Advocates speak up for those who cannot speak for themselves.


As an international human rights legal advocate and lobbyist since 2009 both internationally and nationally, I am willing to share some tips with you here ....


Advocacy is often defined as the public support for or recommendation of a particular cause or policy, or the profession or work of a legal advocate.


Advocacy is defined as any action that speaks in favor of, recommends, argues for a cause, supports or defends, or pleads on behalf of others.


Here, we will take a look at how advocacy is defined, what kinds of activities comprise advocacy work, and what kinds of advocacy projects you can get involved in.

Advocacy is different from lobbying Lobbying is only one kind of advocacy.


Lobbying is focused specifically on petitioning Members of Parliament, or Parliaments for specific legislative reform, change or amendments to laws for a particular cause.


Not all advocacy is lobbying but all lobbying is advocacy.

Advocacy may include:

  1. awareness campaigns;

  2. education campaigns;

  3. research and data analysis;

  4. support of victims survivors;

  5. policy reform;

  6. legislative reform; and/or

  7. political lobbying.


Advocacy can be for an individual, a group of people, a community or for a specific cause or issue.

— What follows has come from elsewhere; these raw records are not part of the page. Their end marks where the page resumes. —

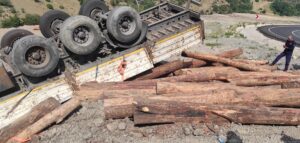 ANTALYA (AA) – Antalya'nın Alanya ilçesinde, tomruk yüklü tırın devrilmesi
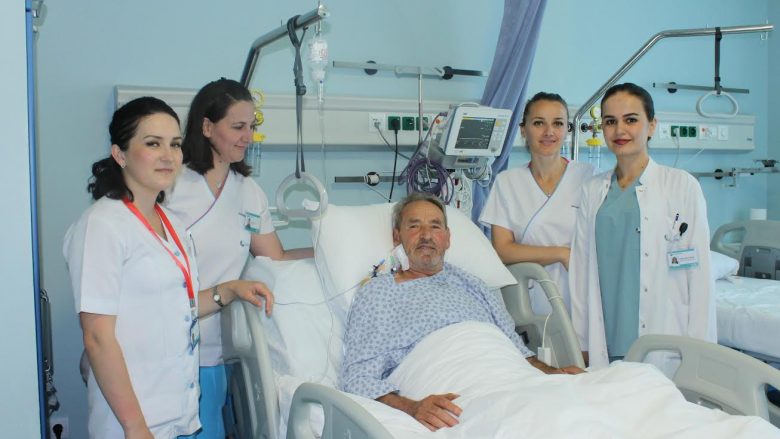 Shkon në gjendje të rëndë në Spitalin Amerikan, ja ç’farë i bëjnë mjekët pacientit nga Fushë Kosova!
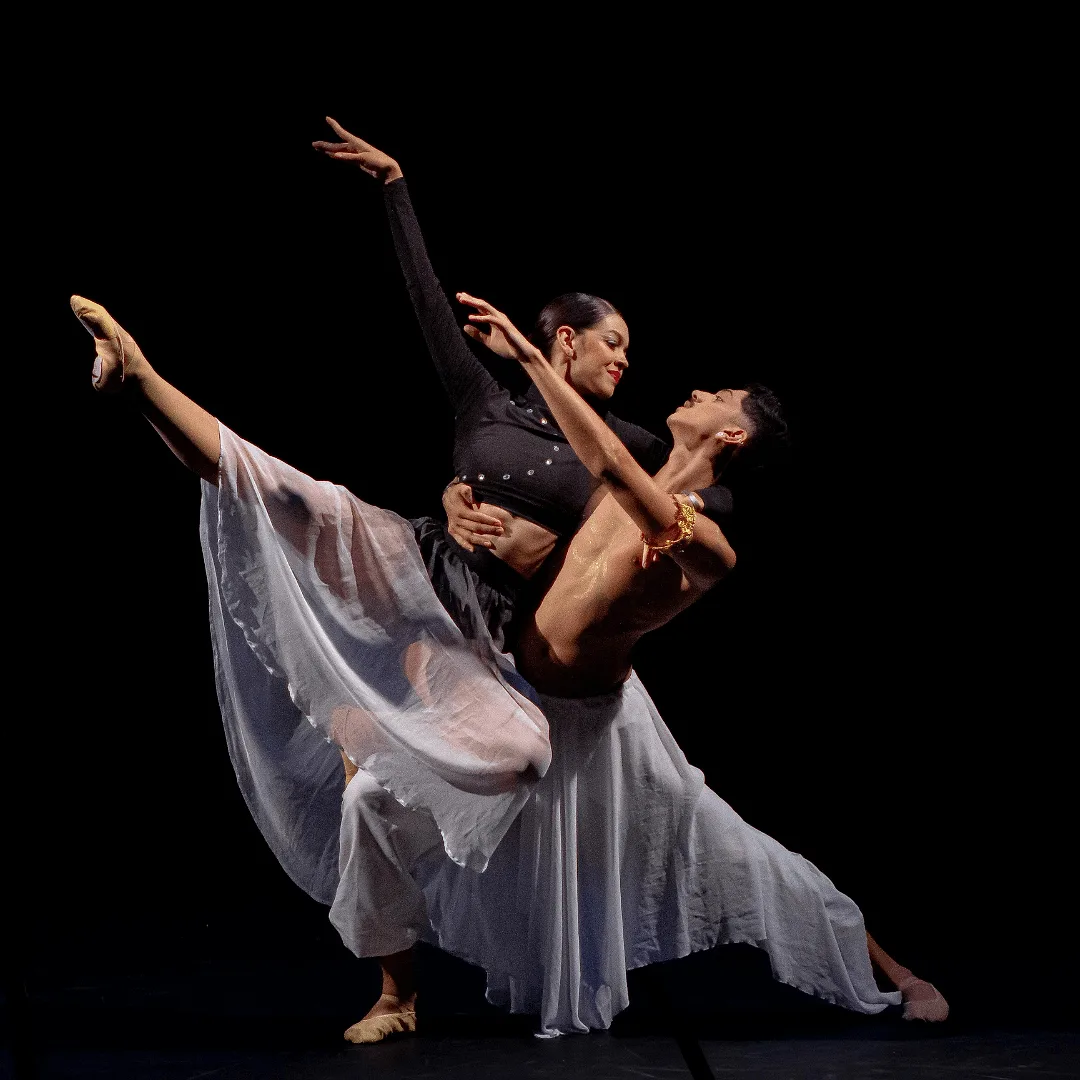 Photoshoot in Budapest: attend a performance at the opera house.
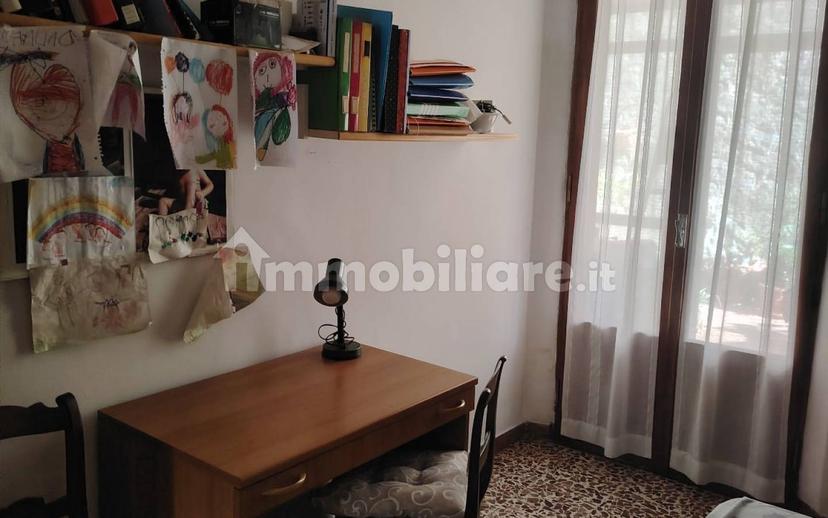 Stanza singola via Giuseppe Di Vittorio 8, Siena — foto 3 di 4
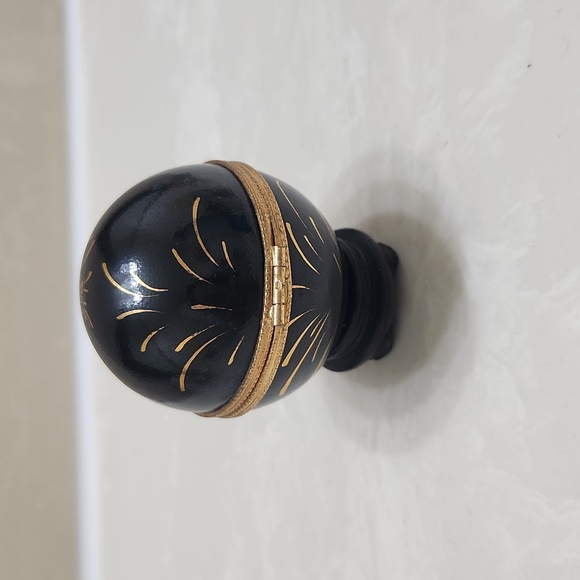 Times Square 2000, Les Ateliers de LIMOGES FRANCE, Black Decorative Egg, Ball - Picture 3 of 13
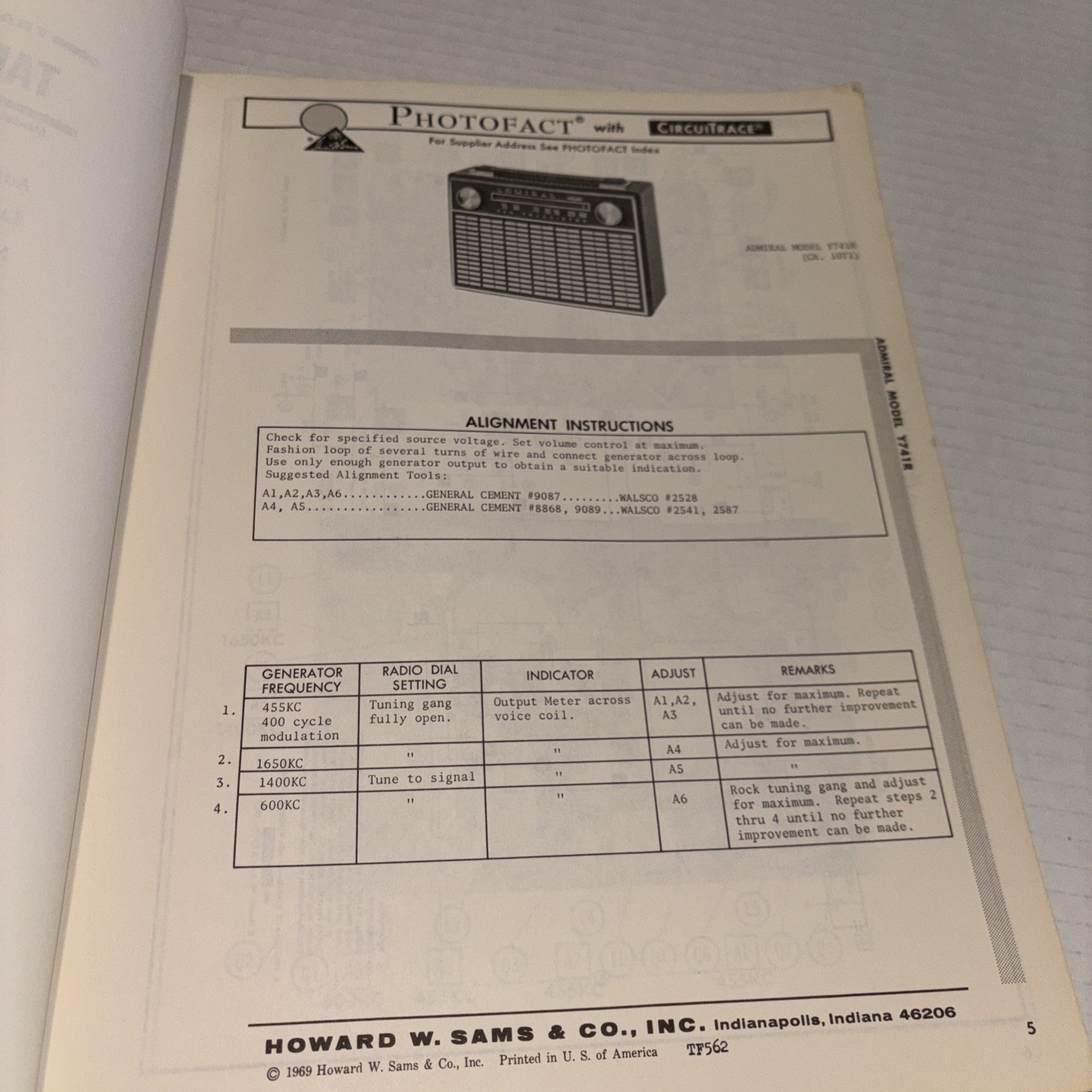 Sams Photofact Transistor Radio Series TSM-103 August 1969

Advocates can be family members or friends, representatives, volunteers or legal representatives.


The power of advocacy can cut across local, state, federal or international issues, jurisdictions and communities.



Steps to Strategic Advocacy Includes:

  1. Articulating the problem you face and proposing a solution;

  2. Speaking on behalf of the most vulnerable;

  3. Speaking to other relevant stakeholders;

  4. Researching the current state of play;

  5. Drawing up strategic solutions, including the voice of the voiceless;

  6. Develop a vision and an effective message for your proposed solution;

  7. Speaking with one coherent voice with one clear message;

  8. Including the credibility of of experts and legitimate agencies;

  9. Proposing your solutions to the most relevant stakeholders, including in Parliament;

  10. Representing the issue to all levels of leadership and government;

  11. Successfully coordinating a joint advocacy campaign (online and unperson events);

  12. Engaging and including Civil society, NGO's and Government stakeholders in the solutions and campaigns/events;

  13. Engaging a broad range of representatives of the issue you are advocating;

  14. Engaging the general public, building awareness and a broader team online, and in person campaign events, including political lobbying, human rights advocacy and education, such as conferences or round-table panel seminars.

Too often, we define our advocacy in terms of our tactics, the specific actions and activities we undertake to move our goals forward.


Advocacy plans are definitely full of such deliverables – a report, public testimony, meetings with officials, a news event, etc. but, extend beyond this!


The most important element to advocacy is the relationships you build - the people currency in the interactions, the solutions, the strategic messaging and so forth.


Choosing your spokesperson for the problem-pitch, and then the solution-focused strategy will be key to a successful campaign.


For example, are you in a position to put a spkesperson forward who has actually lived throguh the issues you raise? Their personal stories will often be more compelling.


Strategy is the key!

Strategy is the wider view that threads all the tactics and activities of political lobbying, human rights advocacy and education campaigns in addition to on-line surveys, petitions, videos together into something coherent and powerful.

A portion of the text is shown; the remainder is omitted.